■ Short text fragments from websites

▼

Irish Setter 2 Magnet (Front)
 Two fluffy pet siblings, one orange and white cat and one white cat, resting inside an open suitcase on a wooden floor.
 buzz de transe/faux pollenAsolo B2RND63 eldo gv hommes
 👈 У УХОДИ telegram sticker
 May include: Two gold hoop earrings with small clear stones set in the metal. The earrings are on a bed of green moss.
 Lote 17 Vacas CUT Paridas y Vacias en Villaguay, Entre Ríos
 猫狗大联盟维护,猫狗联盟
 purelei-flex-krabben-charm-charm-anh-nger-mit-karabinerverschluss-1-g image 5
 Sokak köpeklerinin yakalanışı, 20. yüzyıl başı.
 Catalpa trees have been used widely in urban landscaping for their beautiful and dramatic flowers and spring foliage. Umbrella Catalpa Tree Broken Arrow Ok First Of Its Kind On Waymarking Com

▲

Every record shown above should be given back exactly.

Irish Setter 2 Magnet (Front)
 Two fluffy pet siblings, one orange and white cat and one white cat, resting inside an open suitcase on a wooden floor.
 buzz de transe/faux pollenAsolo B2RND63 eldo gv hommes
 👈 У УХОДИ telegram sticker
 May include: Two gold hoop earrings with small clear stones set in the metal. The earrings are on a bed of green moss.
 Lote 17 Vacas CUT Paridas y Vacias en Villaguay, Entre Ríos
 猫狗大联盟维护,猫狗联盟
 purelei-flex-krabben-charm-charm-anh-nger-mit-karabinerverschluss-1-g image 5
 Sokak köpeklerinin yakalanışı, 20. yüzyıl başı.
 Catalpa trees have been used widely in urban landscaping for their beautiful and dramatic flowers and spring foliage. Umbrella Catalpa Tree Broken Arrow Ok First Of Its Kind On Waymarking Com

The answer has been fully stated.